Vous trouverez ci-dessous un storyboard incluant les pré-requis de la RGPD. Bien entendu, en fonction de l’outil utilisé, ce sera plus ou moins proche.

  1. Formulaire incluant la case à cocher de consentement - opt-in - ainsi que le bouton de soumission, pour permettre à l’utilisateur de modifier son choix.
  2. Liste de toute donnée personnelle stockée ainsi que l’intention de la collecte :
    1. En base de données
    2. En session
    3. En cookies
    4. En localStorage et sessionStorage
  3. Liste de tout logiciel tiers utilisé amené à utiliser des données personnelles ainsi que l’utilité du logiciel
    1. Ex : Google Analytics - Statistiques
    2. Ex : Server AdSens - Ciblage de publicités
  4. Un module permettant d’exporter toutes les données relatives à un utilisateur au format JSON / XML / CSV
    1. Ce système est à prendre avec des précautions pour éviter qu’un utilisateur usurpe les informations personnelles d’une autre personne
    2. Une des précautions serait d’avoir forcément un compte utilisateur + mot de passe, pour garantir l’identité de la personne. Une machine de guerre pour pas grand chose au final, mais cela serait conforme.
    3. L’autre façon de faire est de ne pas automatiser cela et de traiter chaque demande au cas par cas, avec un envoi de carte d’identité en pièce jointe. On ne retire pas la problématique de l’usurpation, mais dans ce cas là, ce n’est pas votre responsabilité… Pas idéal, mais conforme. Attention toutefois à bien stocker la carte d’identité uploadée, si vous la conserver sur vos serveurs...
  5. Un formulaire permettant de vous contacter sur une boite spéciale, consacrée à la protection des données privées, afin de répondre au “droit à l’oubli” de la RGPD.

Conclusion

La RGPD touche à des concepts très abstraits pour le commun des mortels, et tente d’apporter un véritable encadrement là où les organismes nationaux ont échoués.

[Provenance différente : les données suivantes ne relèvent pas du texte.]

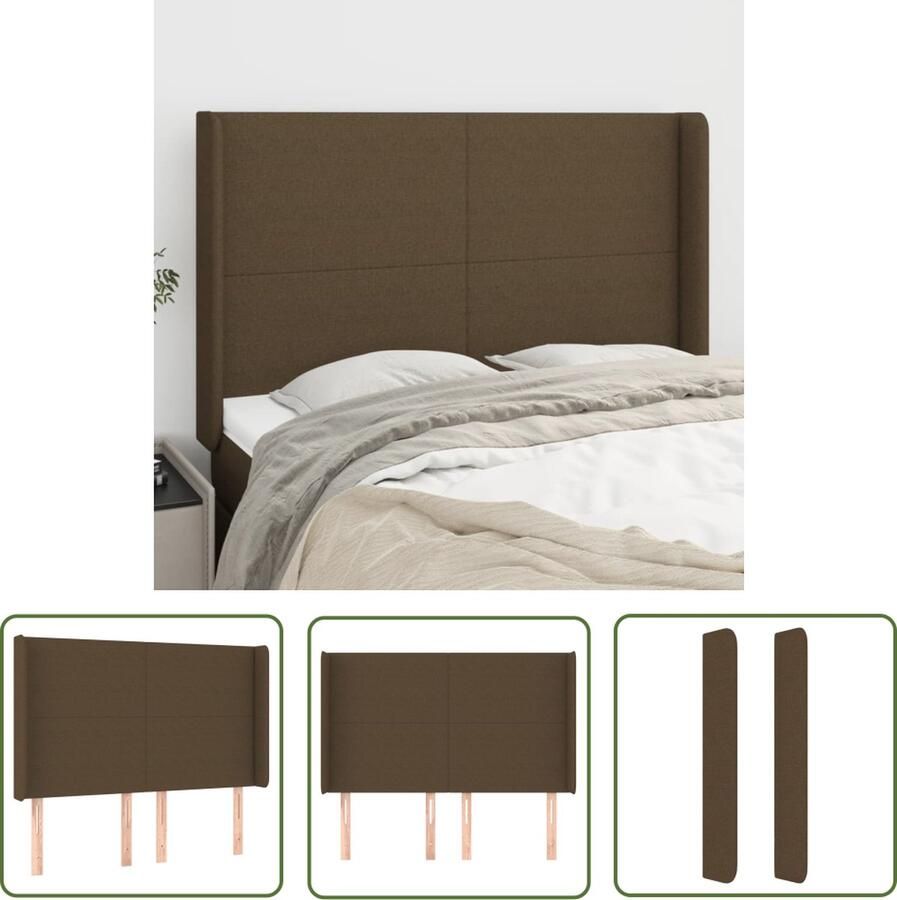 The Living Store Klassiek Hoofdbord donkerbruin 147x16x118 128 cm duurzaam materiaal stevige poten verstelbare hoogte Klassieke Hoofdbord Kopen Beddecoratie Stoffen Hoofdbord Dark Brown Headboard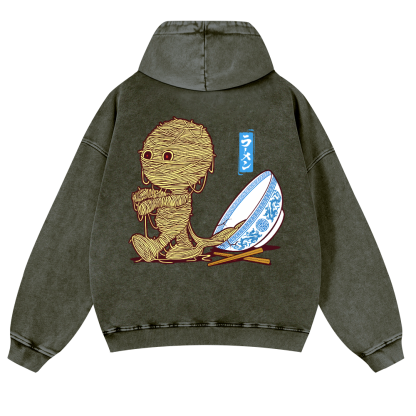 Ramen Yummy Vintage Washed Cotton Back Art Hoodie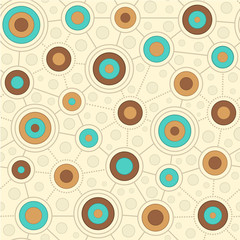 Stoffe zum Nähen Kreisförmige Muster in Retro-Farben blau-braun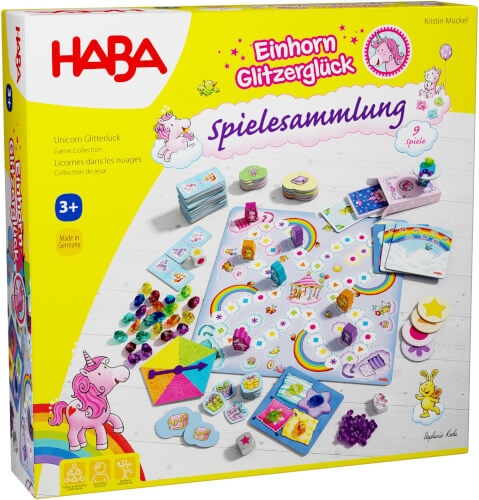 Haba 2010879001 Einhorn Glitzerglück – Spielesammlung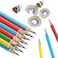 Ainiv 12PCS Rainbow Paper Pencils, #2 HB Pencil Rainbow Colored Eco-friendly Wood &amp; Plastic Free Pencils with Erasers Toppers, Multi-color Graphite Pencils for School and Office Supplies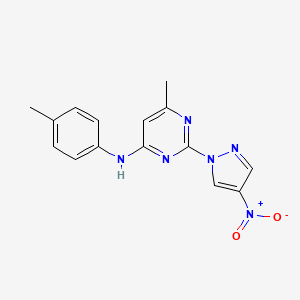 molecular formula C15H14N6O2 B11266677 6-methyl-N-(4-methylphenyl)-2-(4-nitro-1H-pyrazol-1-yl)pyrimidin-4-amine 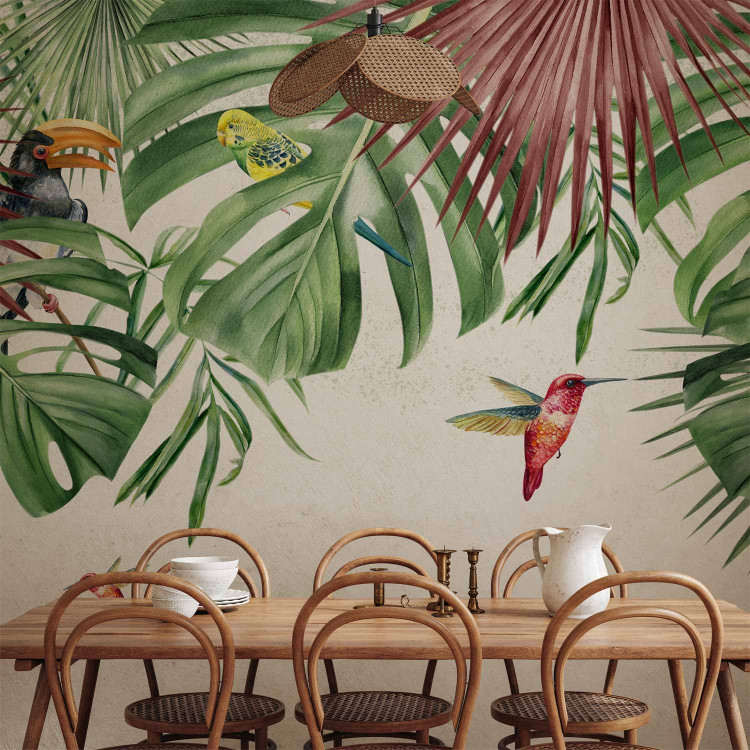 Wall Mural Merry birds - graphics with parrots sitting among tropical leaves 142065 additionalImage 6
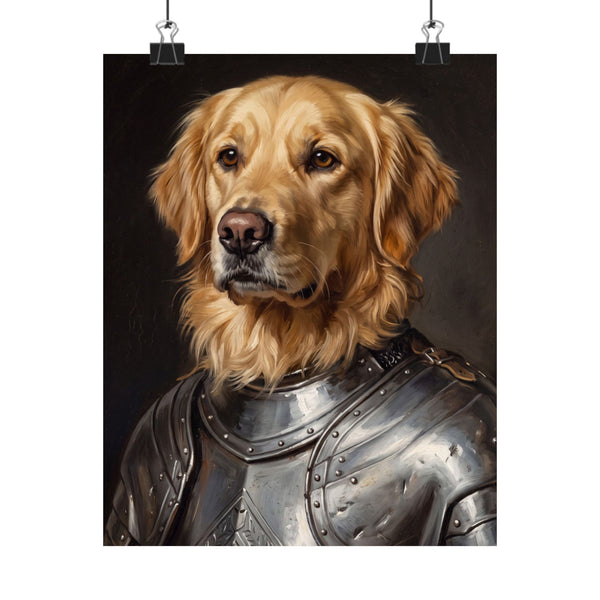 Golden Retriever Medieval Knight Portrait Matte Poster, Regal Dog Art Print, Golden Retriever Lover Gift, Wall Art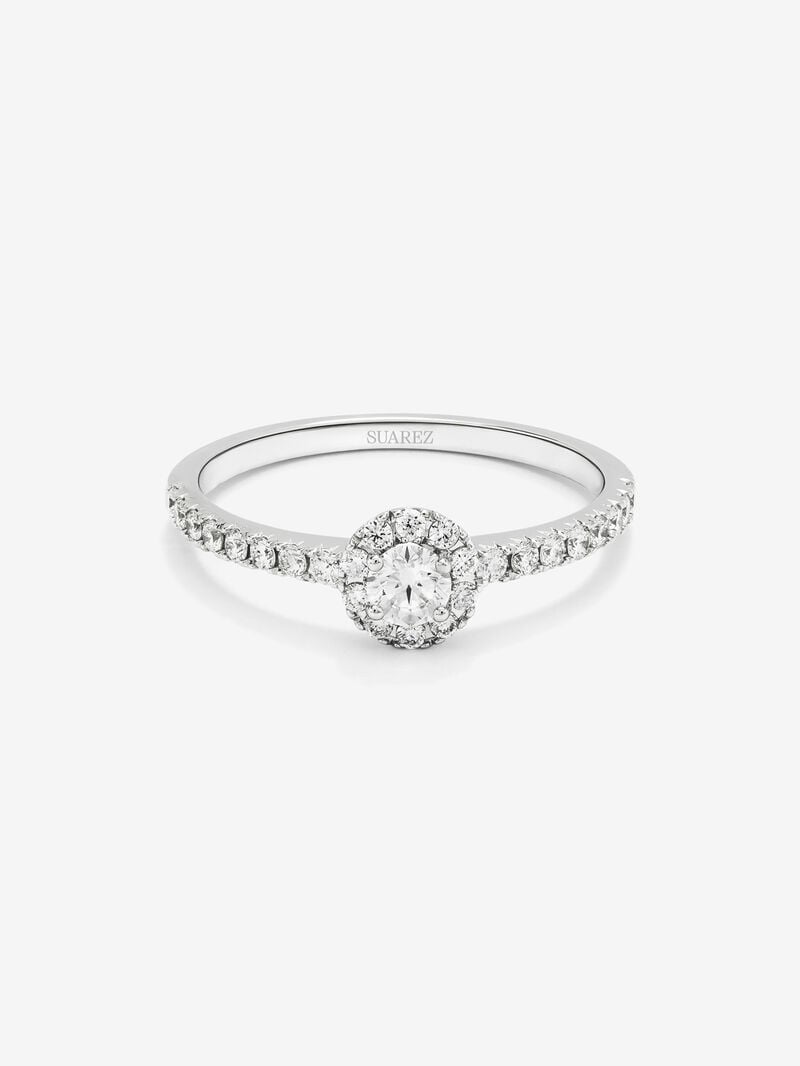 18K white gold ring with central brilliant-cut diamond of 0.15 cts and 26 brilliant-cut diamonds with a total of 0.28 cts image number 2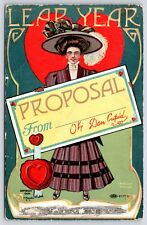 August Hutaf Leap Year~Woman Holds Blank Proposal Check~Dan Cupid Signed~1908 picture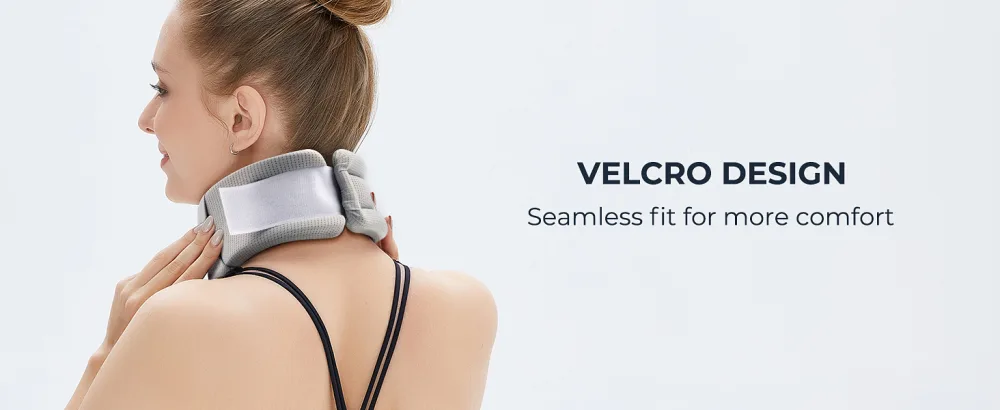Neck Brace -Foam Cervical Collar - Soft Neck Support Relieves Pain & Pressure in Spine - Wraps Aligns Stabilizes Vertebrae - Can Be Used During Sleep (Comfort Gray Medium) - product information 7
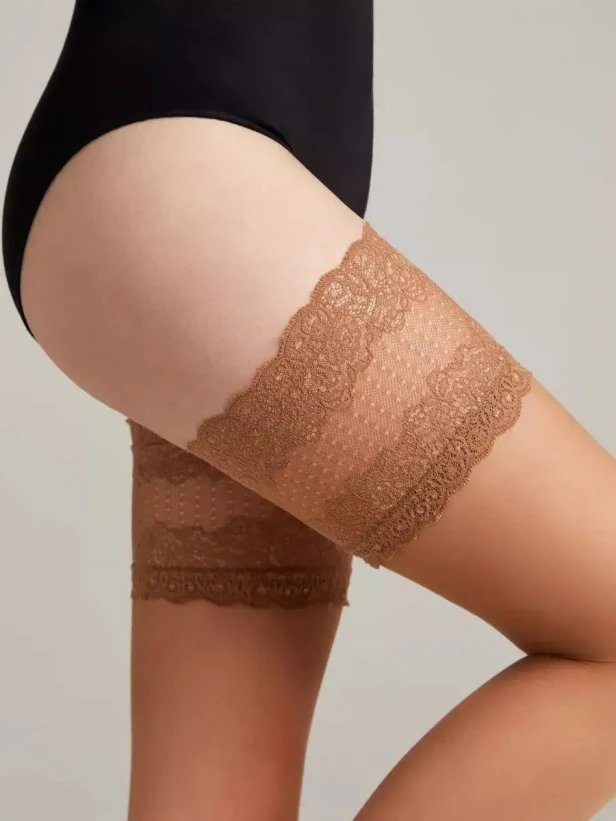 Чулки фантазийные женские Conte Fantasy Flame 20 den bronze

Cependant, malgré le pouvoir pénal qui lui est conféré, la RGPD a pour but d’éduquer les utilisateurs et les créateurs d’outils et de contenus. C’est la même démarche que pour les cookies, avant la sanction, il y aura plusieurs étapes, de l’avertissement, à la suspension de service, avant de passer à la vitesse supérieure.
Donc, il faut être particulièrement de mauvaise foi pour se prendre une prune.

Pour finir, je vous recommande surtout d’utiliser votre bon sens.

Si une situation numérique - transposée en situation physique - vous semble étrange, inquiétante, anormale, c’est qu’il y a à matière à réflexion.
Cela vous surprendrait qu’un caissier d’un supermarché adapte son discours car il connaît votre âge, votre travail, vos revenus et vos habitudes de consommateur - “Bonjour Mr Dupont, vous êtes en avance. Ah, pas de steak frais aujourd’hui ? C’est votre nouveau régime minceur que vous avez recherché hier non ?”. Agaçant rien que de l’imaginer.

Et bien sur Internet, c’est pareil.

Placez-vous toujours à la place de vos utilisateurs et imaginez ce qu’ils peuvent ressentir quand vous leur demandez une autorisation pour traiter des données personnelles, voire sensibles.

Prenez du recul également lorsque vous faites la liste de tout ce que vous collectez. Si c’est difficile à expliquer, ou que l’intention derrière est inconfortable, c’est qu’il ne faut peut-être plus collecter ces données, ou qu’il va falloir prêter attention sérieusement aux nouvelles lois.

Vous trouverez ci-dessous des liens pour aller plus loin, et notamment cette infographie minimaliste très bien faite de la Commission Européenne : http://ec.europa.eu/justice/smedataprotect/index_fr.htm

Dernière petite chose : Faites très attention aux logiciels disponibles sur Internet.
Comme à chaque fois qu’une loi technologique passe, un tas d’escrocs et d’experts apparaissent soudainement pour vendre un logiciel qui vous accompagnera dans la transition etc…
Il est préférable de n’utiliser que les logiciels recommandés par l’organisme en vigueur dans votre pays comme la CNIL.